INDENTURE TO BE QUALIFIED

 

TITLE OF CLASS

 

AMOUNT

6% Senior Convertible Notes due 2010  

Up to a maximum aggregate

principal amount of $66 million

 


Approximate date of proposed public offering: As soon as practicable after the date of this Application for Qualification.

 

Name and address of agent for service:

CT Corporation

111 Eighth Avenue

New York, NY 10011

(212) 894-8400

  

Copies to be sent to:

Richard Ely, Esq.

Skadden, Arps, Slate, Meagher &

Flom (UK) LLP

40 Bank Street

London E14 5DS

England

 


Applicant hereby amends this Application for Qualification on such date or dates as may be necessary to delay its effectiveness until (i) the 20th day after the filing of an amendment which specifically states that it shall supersede this Application for Qualification, or (ii) such date as the Securities and Exchange Commission, acting pursuant to Section 307(c) of the Trust Indenture Act of 1939, may determine upon the written request of the Applicant.


EXPLANATORY NOTE

This Amendment No. 1 to the Application for Qualification of Indenture on Form T-3, which amends the Application for Qualification of Indenture on Form T-3 (the “Application”) filed by DRDGOLD Limited, a South African public limited company (the “Company”), on June 16, 2006, is being filed solely for the purposes of amending and restating Items 3, 4, 5, 7 and the List of Exhibits of the Application as follows:

AFFILIATIONS

3. Affiliates

A diagram presenting the affiliates of the Company, the respective percentages of voting securities held by the Company in such affiliates, and the relationship of each affiliate to the Company and the other affiliates of the Company, as of the date of this application, is set forth in Annex I hereto.

MANAGEMENT AND CONTROL

4. Directors and Executive Officers

The following table lists the names and offices held by all directors and executive officers of the Company as of June 30, 2006.

 

Name

  

Office

Mark Michael Wellesley-Wood

  

Chief Executive Officer and Director

John William Cornelius Sayers

  

Chief Financial Officer and Director

Geoffrey Charles Campbell

  

Director

Robert Peter Hume

  

Director

Douglas John Meldrum Blackmur

  

Director

James Turk

  

Director

Daniel Johannes Pretorius

  

Group Legal Counsel

Ilja David Graulich

  

Strategic Development Officer

Andrew Norman Weir

  

General Manager Human Resources

Themba John Gwebu

  

Group Company Secretary

The mailing address for each of the officers and directors listed above is:

c/o DRDGOLD Limited

EBSCO House 4

299 Pendoring Avenue

Blackheath

Randburg, 2195

South Africa

5. Principal Owners of Voting Securities

As of June 30, 2006, to the best of the Company’s knowledge, no persons owned 10% or more of the voting securities of the Company, other than The Bank of New York which held 78.89% of the Company’s ordinary shares as depositary for the Company’s ADR program.

 

2


CAPITAL SECURITIES

7. Capitalization

a.
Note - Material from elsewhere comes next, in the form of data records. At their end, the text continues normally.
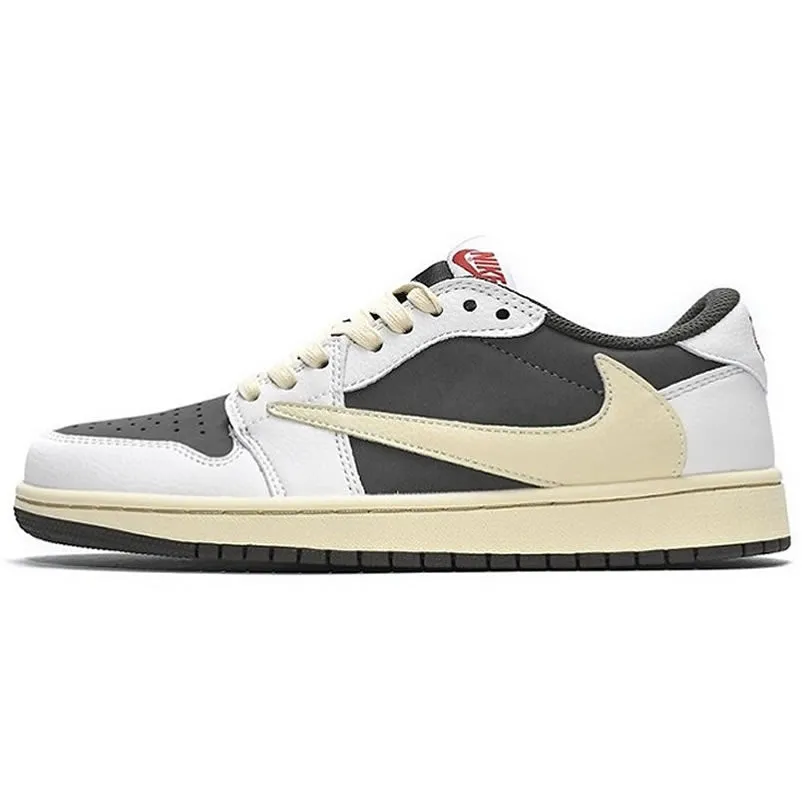 Air Jordan 1 low reverse mocha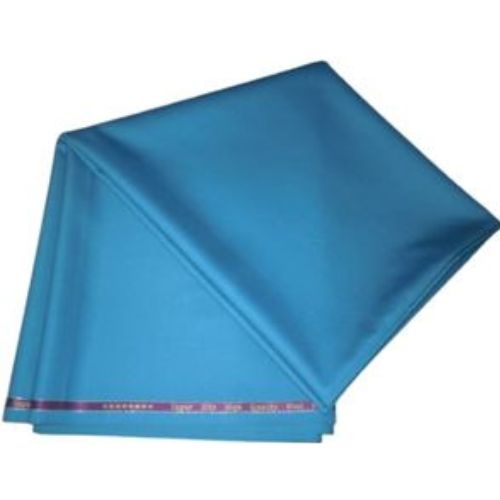 Turquoise Blue 8 Star Italian Cashmere Material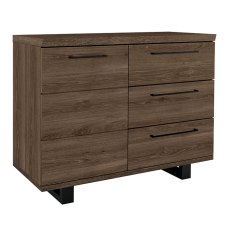 Franklin 1 Door 3 Drawer Small Sideboard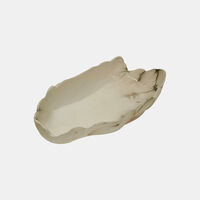 Alabaster Ethereal Carved Bowl
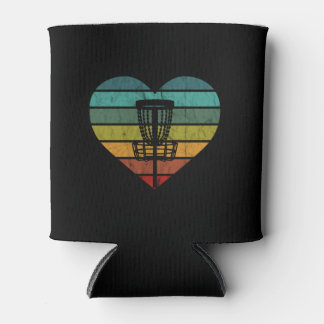 Porta-lata DiscGolf - Cesta de Destino da Vintage Retroativa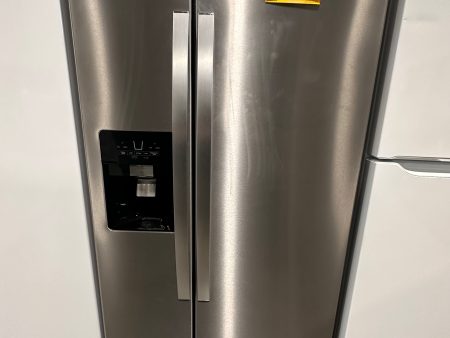 33 INCH WIDE WHIRLPOOL REFRIGERATOR - REF12769 WRS321SDHZ Online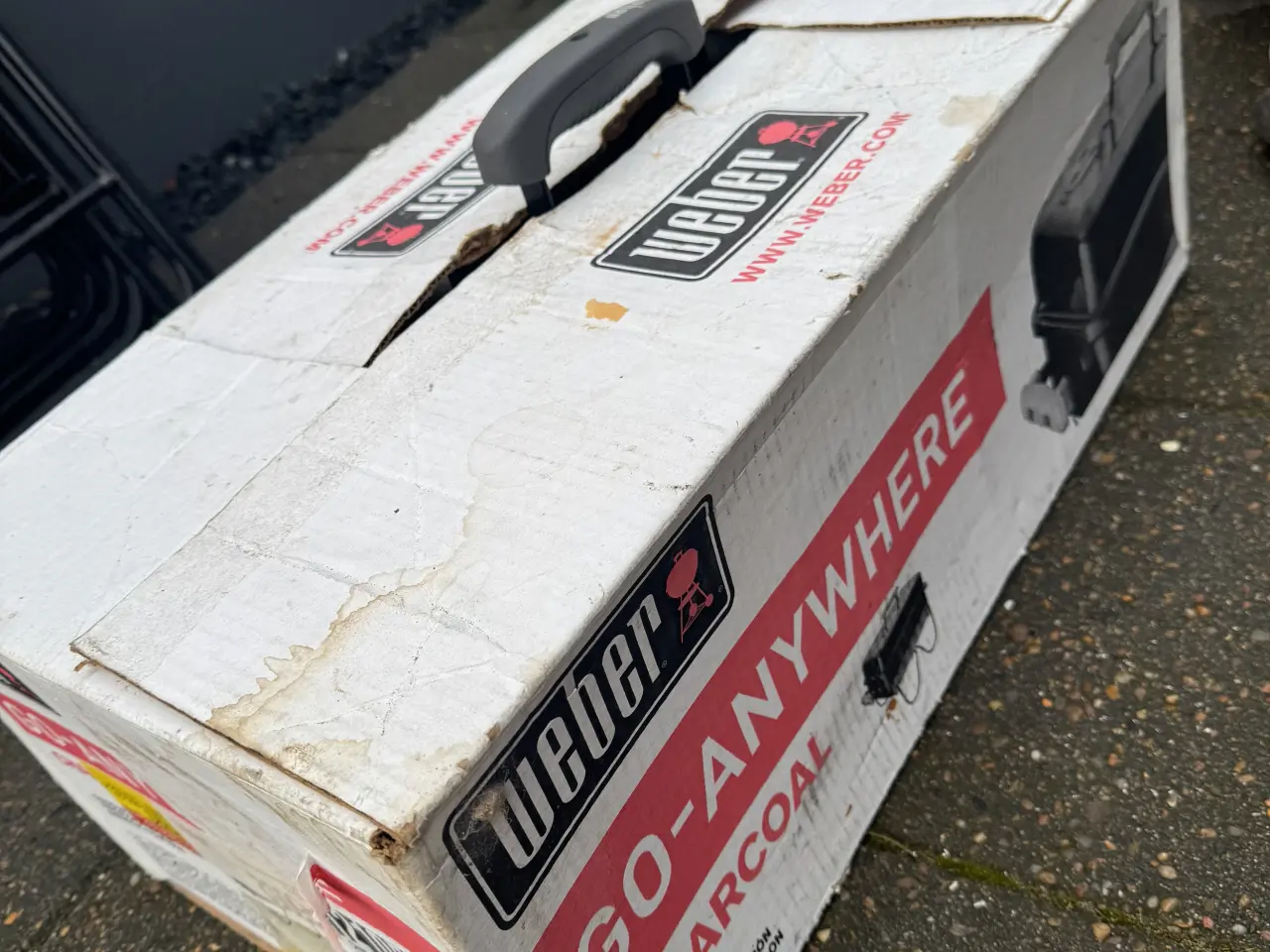 Billede 1 - Weber Go-Anywhere kulgrill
As of June 30, 2006

 

Title of Class

   Amount Authorized    Amount Outstanding

Ordinary Shares, no par value*

   600,000,000    320,035,078

Cumulative Preference Shares

   5,000,000    5,000,000

6% Senior Convertible Notes due 2006

   66,000,000    66,000,000

* In addition, we had issued and outstanding at June 30, 2006, options to purchase a total of 14,575,256 ordinary shares, exercisable at prices varying between R4.52 to R36.08 and which expire 10 years after the date of grant.

 

  b. The holders of the Company’s ordinary shares are generally entitled to vote at general meetings and on a show of hands have one vote per person and on a poll have one for every share held. The holders of our cumulative preference shares are not entitled to vote at a general meeting unless any preference dividend is in arrears for more than six months at the date on which the notice convening the general meeting is posted to the shareholders.

List of Exhibits

Exhibit T3A - Memorandum of Association of DRDGOLD Limited (incorporated by reference to Exhibit 1.1 of the Company’s Registration Statement on Form 20-F, filed September 20, 1996).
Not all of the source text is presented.